To perfect the right to FMLA leave an eligible employee must provide his or her employer with reasonably adequate information under the circumstances to understand that the employee seeks leave under the FMLA. In providing notice, the employee need not use any magic words. The employee does not have to expressly assert rights under the FMLA or even mention the FMLA. The critical question is how the information conveyed to the employer is reasonably interpreted.
An employee who needs medical treatment may inform his or her employer of the need for leave before scheduling treatment in order to reasonably accommodate the needs of the employer. An employee who does not cite to the FMLA or provide the exact dates or duration of the leave nonetheless may provide his or her employer with sufficient information to reasonably apprise the employer that the employee's request may be covered by the FMLA.
In Sarnowski v. Air Brooke Limousine, Inc., No. 06-2144, 2007 U.S. App. LEXIS 28668 (3d Cir. Dec. 12, 2007), the Third Circuit vacated and remanded the award of summary judgment to the employer dismissing the Sarnowski's FMLA interference claim. In that case, Sarnowski was terminated eight days after informing his supervisor that his doctor had advised him of the need to monitor his heart and the possible need for additional surgery and 6 weeks of leave. At the time, Sarnowski had only recently returned to work after missing 6 weeks of work due to quintuple coronary artery bypass surgery. The court found that the Air Brooke had sufficient notice of Sarnowski's intent to take leave to bar Air Brook from interfering with his FMLA rights.
Comment: FMLA protection can be invoked by employee notice that they may need FMLA leave at some unknown time in the future and for an unknown duration. The decision certainly can be interpreted in a way that invites employee abuse.

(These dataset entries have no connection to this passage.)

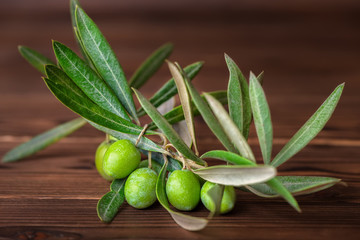 close up green branch of olive tree with berries on wooden background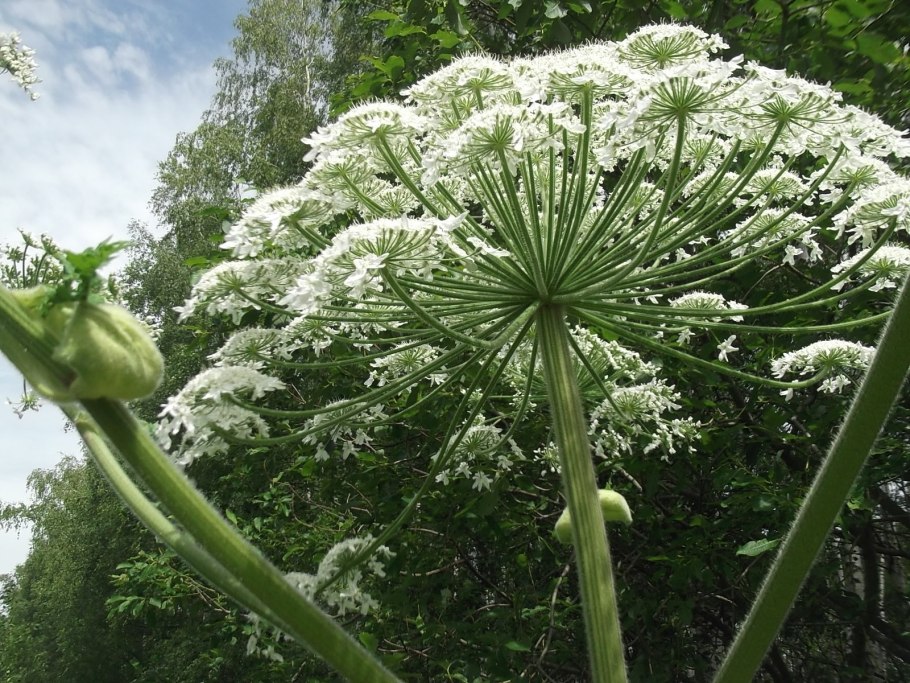 Зонтичные (Apiaceae)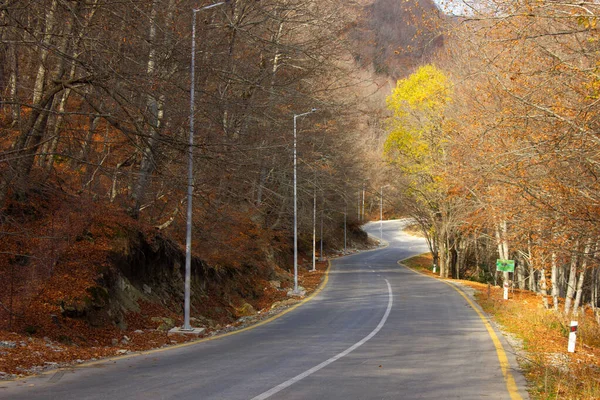 Estrada Asfalto Que Leva Através Floresta Outono — Fotografia de Stock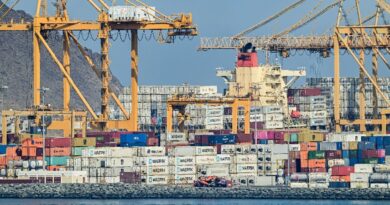 Hormuz ship traffic climbs after war deal: trackers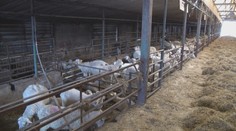 Slovenská jahňacina má na pultoch úspech. Chovatelia plánujú výrazne navýšiť počet oviec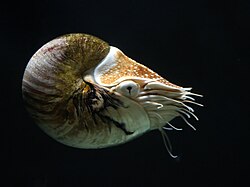 Chambered nautilus (Nautilus pompilius)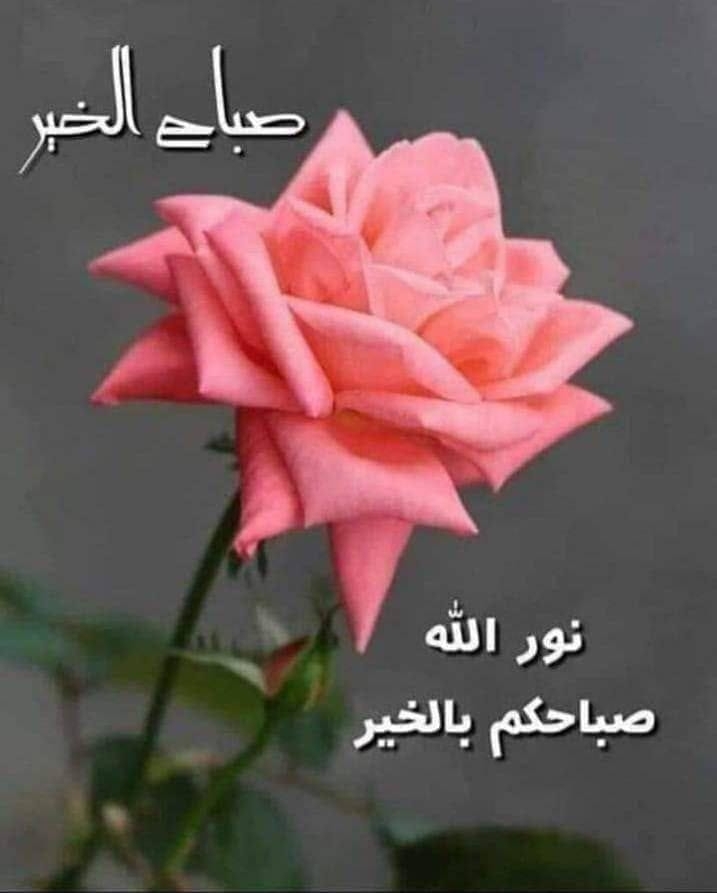 مصطفى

For example, an employee who may need intermittent leave at some unknown point in the future notifies the employer of a serious health condition in accord with Sarnowski. Three years later the employee is absent without warning. The employee claims that adequate notice of the need for leave was provided three years earlier.
Employers might argue that notice three years earlier was insufficient. Remember, Sarnowski required that the notice provide the employer with "reasonably adequate information under the circumstances to understand that the employee seeks leave under the FMLA." The facts of Sarnowski suggest that a determination of the need for surgery and additional leave pending the results of further monitoring was reasonably imminent, not open-ended. Of course, one could argue the opposite; that court in Sarnowski did not place any time limit on when leave must be taken after notice is provided.
Allowing employees to request leave even though they don't know if or when it may start also burdens the employee. The FMLA places temporal limitations when an employee must request leave based on whether the need for leave is foreseeable or not. Employer's could argue that Sarnowski requires employee's to notify the employer of the need for leave even though the employees does not yet know the schedule or amount of leave needed. If the employee waits until they know their leave schedule their request for leave may be untimely. If the request is untimely, an employer may have the right to delay or deny FMLA leave.